Interface Culture – Text

Posted: July 23rd, 2003 | No Comments »

A few quotes from the chapter about Text in Interface Culture:

“[...] the mind naturally resists the dull glare of the screen, feels ill at ease with it, unnatural. And then something in the user experience changes – the “direct manipulation” of the mouse, perhaps, or the resolution of the display – and suddenly you find yourself at home in front of the machine, so acclimated to the environment that you’re no longer fighting the software”.

“The fundamental units of my writing had mutated under the spell of the word processor: I had begun by working with blocks of complete sentences, but by the end I was thinking smaller blocks, in units of discrete phrases. This, of course, had an enormous effect on the types of sentences I ended up writing [...] The computer had not only made it eas?ier for me to write; it had also changed the very substance of what I was writing, and in that sense, I suspect, it had an enormous effect on my thinking as well”.

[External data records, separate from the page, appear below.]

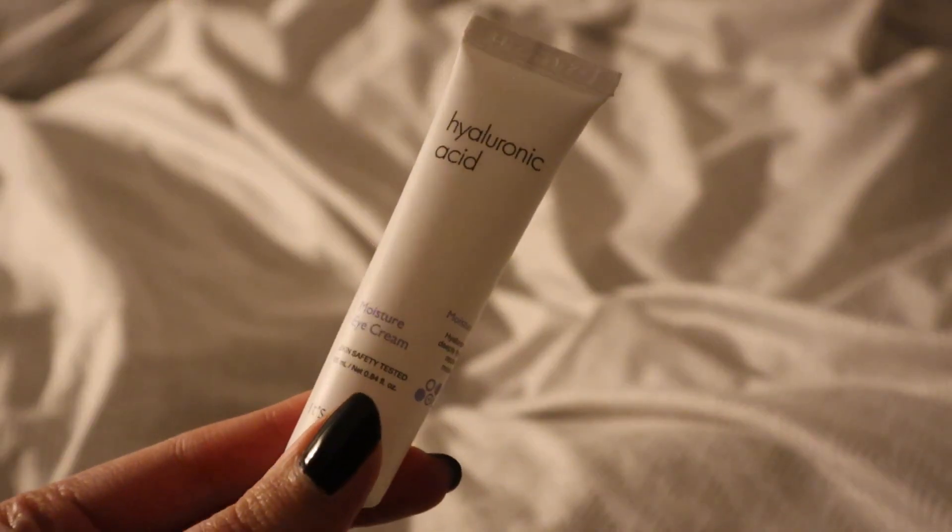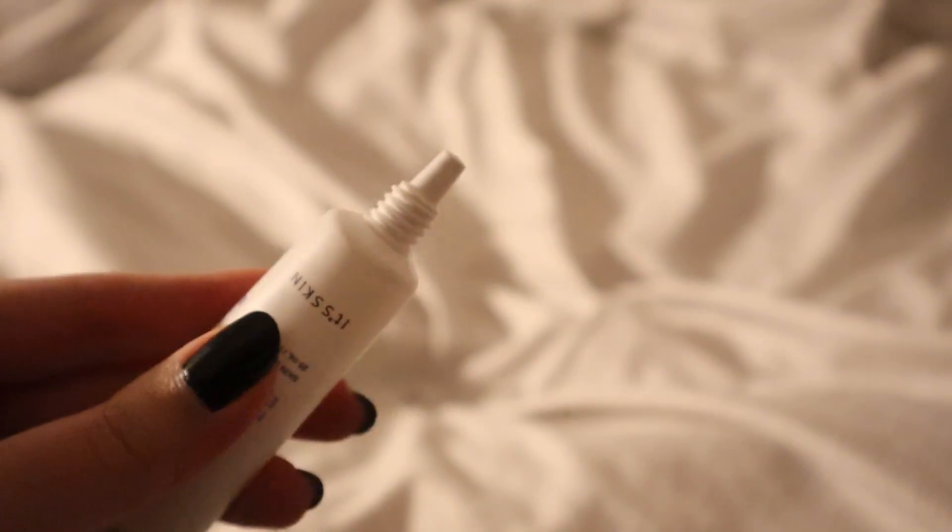The next step is eye cream, which comes in a fancy little tube. I just apply it to a finger and swipe it underneath my eye. I don't watch many skincare expert videos, but I know a lot of people have criticized eye cream, saying it's just more concentrated face cream. I don't know if that's true or not, but I'd rather just protect my eyes so I don't get wrinkles earlier than expected.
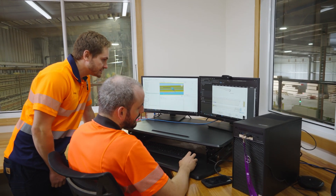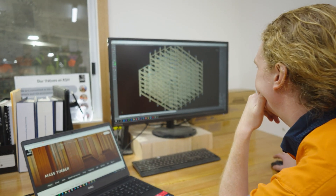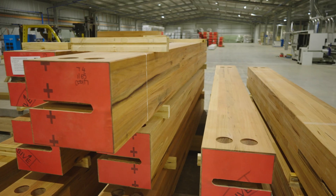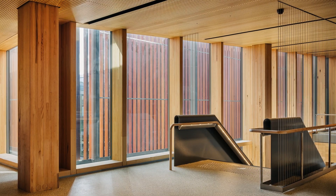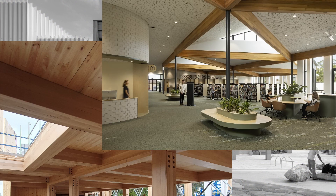ASH is set up to do this with our design team, supplying our own feedstock, our automated manufacturing capability, our skilled finishing and packaging, and our delivery to site. We're investing in all of these areas continuously. MassLAM has been so successful because of our investment in what we're doing — in understanding the market, understanding our process, understanding our feedstock — and putting all of those together to produce the best value outcome for the client.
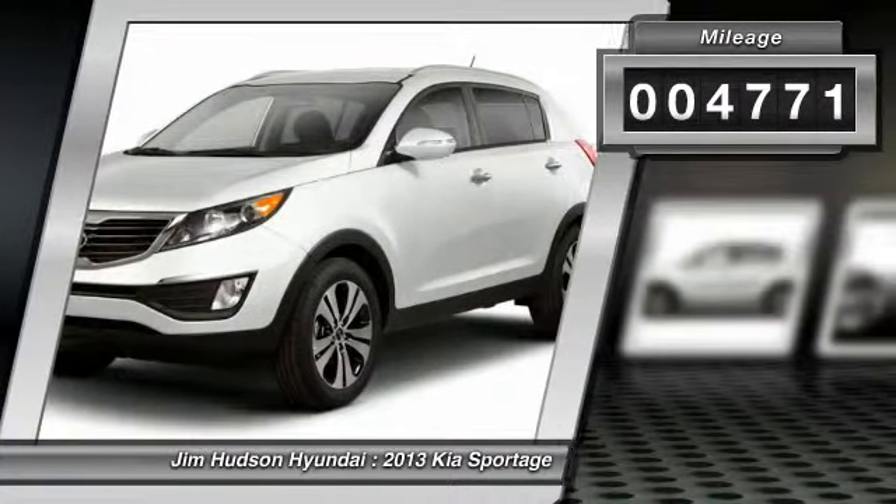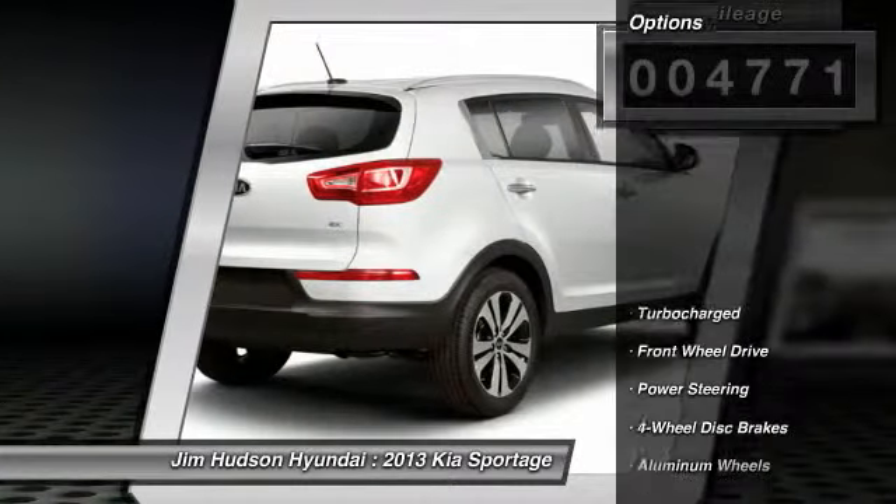This vehicle has less than 5,000 miles. Here are some of this vehicle's great options.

“The Street find its own uses for things – uses the manufacturer never imagined” (Willioam Gibson in Neuromancer)

“The graphic interface revolution has changed all that: we now intuitively understand that visual metaphors – all those blinking icons and desktop patterns and pull-down menus – have an important, and increasingly indispensable, cognitive function.”

“Words, in this lopsided paradigm, are always inferior to images. Anyone who knows anything about the history of writing systems – specifically the shift form hieroglyphic-style pictograms to phontic spelling – will sense something bizarre in this hierarchy”.

“Why not organize the desktop according to another illusions? Instead of space, why not organize around meaning”.

“A semantic file system would give the computer much more control over the organization of your data”

“The question of whether this newfound authority should be seen as an interface advance or a major step backward extends well beyond the field of text-driven interfaces.